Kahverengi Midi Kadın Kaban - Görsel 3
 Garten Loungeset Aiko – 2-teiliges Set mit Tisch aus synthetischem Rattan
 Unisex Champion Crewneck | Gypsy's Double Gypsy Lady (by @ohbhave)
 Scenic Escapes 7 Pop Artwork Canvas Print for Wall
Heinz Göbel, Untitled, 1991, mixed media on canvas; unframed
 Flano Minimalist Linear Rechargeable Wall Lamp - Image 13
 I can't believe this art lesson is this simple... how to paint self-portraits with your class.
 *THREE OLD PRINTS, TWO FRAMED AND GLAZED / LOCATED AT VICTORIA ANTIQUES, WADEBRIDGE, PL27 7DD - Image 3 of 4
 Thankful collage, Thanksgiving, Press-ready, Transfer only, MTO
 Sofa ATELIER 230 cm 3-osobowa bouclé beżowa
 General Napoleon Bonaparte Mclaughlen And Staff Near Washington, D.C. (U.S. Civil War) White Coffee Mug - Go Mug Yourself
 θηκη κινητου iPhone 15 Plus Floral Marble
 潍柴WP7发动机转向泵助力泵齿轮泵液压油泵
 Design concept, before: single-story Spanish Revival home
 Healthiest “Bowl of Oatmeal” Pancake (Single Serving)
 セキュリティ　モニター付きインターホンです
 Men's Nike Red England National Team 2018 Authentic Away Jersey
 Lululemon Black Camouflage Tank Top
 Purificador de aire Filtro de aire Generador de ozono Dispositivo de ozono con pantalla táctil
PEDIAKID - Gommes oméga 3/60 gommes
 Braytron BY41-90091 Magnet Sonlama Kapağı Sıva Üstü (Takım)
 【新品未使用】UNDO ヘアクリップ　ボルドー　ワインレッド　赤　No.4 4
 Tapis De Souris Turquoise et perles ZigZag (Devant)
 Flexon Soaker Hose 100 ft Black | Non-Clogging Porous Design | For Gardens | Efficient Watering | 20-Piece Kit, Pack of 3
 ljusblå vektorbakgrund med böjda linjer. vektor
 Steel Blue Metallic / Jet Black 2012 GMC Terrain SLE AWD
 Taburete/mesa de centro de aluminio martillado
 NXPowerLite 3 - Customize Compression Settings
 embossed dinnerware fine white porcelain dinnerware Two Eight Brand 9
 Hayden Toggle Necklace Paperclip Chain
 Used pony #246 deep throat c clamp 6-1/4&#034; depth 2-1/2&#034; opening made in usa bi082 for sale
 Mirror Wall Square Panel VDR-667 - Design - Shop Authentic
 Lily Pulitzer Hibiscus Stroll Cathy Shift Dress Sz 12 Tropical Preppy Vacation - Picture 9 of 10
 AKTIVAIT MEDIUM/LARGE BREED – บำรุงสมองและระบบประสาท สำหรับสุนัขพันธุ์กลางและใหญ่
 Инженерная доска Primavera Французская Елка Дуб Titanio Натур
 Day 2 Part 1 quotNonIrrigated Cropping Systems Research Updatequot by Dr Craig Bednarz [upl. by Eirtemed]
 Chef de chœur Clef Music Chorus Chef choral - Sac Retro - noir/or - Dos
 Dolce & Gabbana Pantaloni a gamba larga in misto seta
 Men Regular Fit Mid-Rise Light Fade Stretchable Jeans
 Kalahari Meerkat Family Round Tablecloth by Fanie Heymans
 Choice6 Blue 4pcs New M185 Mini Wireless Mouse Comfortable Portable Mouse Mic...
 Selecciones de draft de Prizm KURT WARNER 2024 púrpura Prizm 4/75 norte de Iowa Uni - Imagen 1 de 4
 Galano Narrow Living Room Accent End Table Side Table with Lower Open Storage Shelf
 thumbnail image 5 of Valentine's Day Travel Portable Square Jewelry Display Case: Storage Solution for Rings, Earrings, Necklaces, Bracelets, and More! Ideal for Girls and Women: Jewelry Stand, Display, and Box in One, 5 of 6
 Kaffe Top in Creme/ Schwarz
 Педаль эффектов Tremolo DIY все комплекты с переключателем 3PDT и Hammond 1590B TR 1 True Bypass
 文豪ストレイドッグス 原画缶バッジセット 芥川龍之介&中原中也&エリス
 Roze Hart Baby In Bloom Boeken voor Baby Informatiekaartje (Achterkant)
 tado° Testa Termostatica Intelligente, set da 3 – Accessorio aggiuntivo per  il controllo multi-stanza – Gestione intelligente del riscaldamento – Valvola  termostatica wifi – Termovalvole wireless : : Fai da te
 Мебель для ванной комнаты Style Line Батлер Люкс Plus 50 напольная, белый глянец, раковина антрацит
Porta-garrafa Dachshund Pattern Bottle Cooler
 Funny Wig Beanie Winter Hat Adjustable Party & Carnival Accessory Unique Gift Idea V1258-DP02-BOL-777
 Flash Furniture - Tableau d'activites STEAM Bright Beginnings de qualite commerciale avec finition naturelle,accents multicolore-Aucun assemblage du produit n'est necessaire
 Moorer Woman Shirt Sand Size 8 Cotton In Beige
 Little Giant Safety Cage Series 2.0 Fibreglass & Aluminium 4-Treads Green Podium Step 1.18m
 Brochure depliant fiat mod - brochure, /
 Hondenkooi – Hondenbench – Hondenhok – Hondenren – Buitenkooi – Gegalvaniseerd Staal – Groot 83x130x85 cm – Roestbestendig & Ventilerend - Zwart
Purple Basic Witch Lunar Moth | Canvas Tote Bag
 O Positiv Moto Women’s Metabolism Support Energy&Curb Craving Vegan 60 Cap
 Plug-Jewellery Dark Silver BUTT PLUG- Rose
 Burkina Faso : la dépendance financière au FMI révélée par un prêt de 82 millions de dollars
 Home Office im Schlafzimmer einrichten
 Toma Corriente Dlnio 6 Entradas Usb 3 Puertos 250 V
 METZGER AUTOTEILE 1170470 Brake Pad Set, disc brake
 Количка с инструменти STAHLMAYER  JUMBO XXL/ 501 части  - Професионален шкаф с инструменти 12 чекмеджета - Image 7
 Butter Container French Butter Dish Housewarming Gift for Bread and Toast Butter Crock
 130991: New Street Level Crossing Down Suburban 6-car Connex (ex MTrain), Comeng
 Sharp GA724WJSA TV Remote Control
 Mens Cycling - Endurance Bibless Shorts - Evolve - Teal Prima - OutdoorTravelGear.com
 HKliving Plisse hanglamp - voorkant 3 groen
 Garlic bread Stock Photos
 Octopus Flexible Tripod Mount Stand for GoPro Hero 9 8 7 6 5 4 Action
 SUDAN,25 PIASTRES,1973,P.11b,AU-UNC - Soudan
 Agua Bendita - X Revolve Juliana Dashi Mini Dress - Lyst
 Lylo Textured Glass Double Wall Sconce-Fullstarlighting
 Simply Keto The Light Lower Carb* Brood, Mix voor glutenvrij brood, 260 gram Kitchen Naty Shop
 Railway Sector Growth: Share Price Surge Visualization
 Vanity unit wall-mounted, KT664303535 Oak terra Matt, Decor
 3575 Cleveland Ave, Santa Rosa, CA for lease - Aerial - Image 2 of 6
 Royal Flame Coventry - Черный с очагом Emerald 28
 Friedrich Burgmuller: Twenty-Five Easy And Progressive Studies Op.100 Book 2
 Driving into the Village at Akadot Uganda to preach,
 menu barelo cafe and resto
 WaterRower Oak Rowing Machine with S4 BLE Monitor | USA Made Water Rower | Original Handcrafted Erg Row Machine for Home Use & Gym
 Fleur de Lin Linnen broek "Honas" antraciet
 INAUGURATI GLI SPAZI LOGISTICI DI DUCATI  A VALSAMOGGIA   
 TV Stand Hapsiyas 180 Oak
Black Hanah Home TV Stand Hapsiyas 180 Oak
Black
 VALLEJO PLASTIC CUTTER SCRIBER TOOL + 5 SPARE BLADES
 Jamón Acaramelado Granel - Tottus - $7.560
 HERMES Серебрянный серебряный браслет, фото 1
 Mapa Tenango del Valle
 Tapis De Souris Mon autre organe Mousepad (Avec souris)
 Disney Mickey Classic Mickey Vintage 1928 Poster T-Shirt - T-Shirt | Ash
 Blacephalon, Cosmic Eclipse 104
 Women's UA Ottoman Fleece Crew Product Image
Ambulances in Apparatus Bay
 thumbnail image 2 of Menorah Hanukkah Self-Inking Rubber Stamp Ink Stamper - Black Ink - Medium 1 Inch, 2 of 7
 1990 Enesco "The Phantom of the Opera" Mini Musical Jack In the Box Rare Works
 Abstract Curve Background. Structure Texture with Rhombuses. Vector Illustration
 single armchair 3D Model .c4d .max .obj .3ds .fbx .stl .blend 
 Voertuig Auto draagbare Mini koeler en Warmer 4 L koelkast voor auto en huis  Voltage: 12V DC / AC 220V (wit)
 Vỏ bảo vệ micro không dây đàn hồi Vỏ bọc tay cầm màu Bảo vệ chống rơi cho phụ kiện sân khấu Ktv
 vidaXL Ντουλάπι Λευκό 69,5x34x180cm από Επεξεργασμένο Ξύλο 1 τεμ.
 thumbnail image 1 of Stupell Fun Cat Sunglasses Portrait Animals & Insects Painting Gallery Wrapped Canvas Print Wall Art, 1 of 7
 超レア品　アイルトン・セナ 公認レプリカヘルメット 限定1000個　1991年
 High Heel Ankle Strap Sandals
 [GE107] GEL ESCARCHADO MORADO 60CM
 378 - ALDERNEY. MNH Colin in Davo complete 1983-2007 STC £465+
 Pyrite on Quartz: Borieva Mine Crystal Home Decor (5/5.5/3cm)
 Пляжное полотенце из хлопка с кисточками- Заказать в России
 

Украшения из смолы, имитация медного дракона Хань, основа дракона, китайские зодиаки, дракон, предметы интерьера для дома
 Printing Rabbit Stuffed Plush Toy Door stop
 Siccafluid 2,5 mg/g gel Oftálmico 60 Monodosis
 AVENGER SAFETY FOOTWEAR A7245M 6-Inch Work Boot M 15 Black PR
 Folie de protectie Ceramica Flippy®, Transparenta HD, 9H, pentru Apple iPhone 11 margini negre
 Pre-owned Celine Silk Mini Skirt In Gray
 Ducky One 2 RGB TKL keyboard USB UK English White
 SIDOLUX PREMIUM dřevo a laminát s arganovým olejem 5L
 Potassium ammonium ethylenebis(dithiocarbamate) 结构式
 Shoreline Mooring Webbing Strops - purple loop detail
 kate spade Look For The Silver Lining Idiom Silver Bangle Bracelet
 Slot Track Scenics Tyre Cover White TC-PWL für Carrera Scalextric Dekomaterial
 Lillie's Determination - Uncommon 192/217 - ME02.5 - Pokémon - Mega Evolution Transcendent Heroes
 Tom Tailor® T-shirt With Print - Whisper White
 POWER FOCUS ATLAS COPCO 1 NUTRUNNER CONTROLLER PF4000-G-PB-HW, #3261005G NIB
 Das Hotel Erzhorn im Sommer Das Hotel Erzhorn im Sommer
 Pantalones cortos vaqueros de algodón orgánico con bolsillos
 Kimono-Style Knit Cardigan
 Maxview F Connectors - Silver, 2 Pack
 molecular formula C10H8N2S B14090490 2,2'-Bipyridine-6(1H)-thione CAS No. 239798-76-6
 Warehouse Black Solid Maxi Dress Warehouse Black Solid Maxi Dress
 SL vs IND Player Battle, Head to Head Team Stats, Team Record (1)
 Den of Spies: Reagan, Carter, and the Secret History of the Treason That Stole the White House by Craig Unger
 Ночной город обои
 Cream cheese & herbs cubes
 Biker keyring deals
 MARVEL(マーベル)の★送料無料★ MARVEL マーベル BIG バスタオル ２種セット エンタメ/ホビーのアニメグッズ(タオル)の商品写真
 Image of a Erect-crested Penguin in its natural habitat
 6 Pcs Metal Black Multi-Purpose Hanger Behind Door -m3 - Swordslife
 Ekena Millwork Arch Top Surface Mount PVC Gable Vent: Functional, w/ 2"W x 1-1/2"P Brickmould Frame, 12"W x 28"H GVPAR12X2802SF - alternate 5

YOUR INSTRUCTIONS: Where a line above contains the string "Stand", copy that line.

TASK SOLUTION:
 thumbnail image 5 of Valentine's Day Travel Portable Square Jewelry Display Case: Storage Solution for Rings, Earrings, Necklaces, Bracelets, and More! Ideal for Girls and Women: Jewelry Stand, Display, and Box in One, 5 of 6
 Octopus Flexible Tripod Mount Stand for GoPro Hero 9 8 7 6 5 4 Action
 TV Stand Hapsiyas 180 Oak
Black Hanah Home TV Stand Hapsiyas 180 Oak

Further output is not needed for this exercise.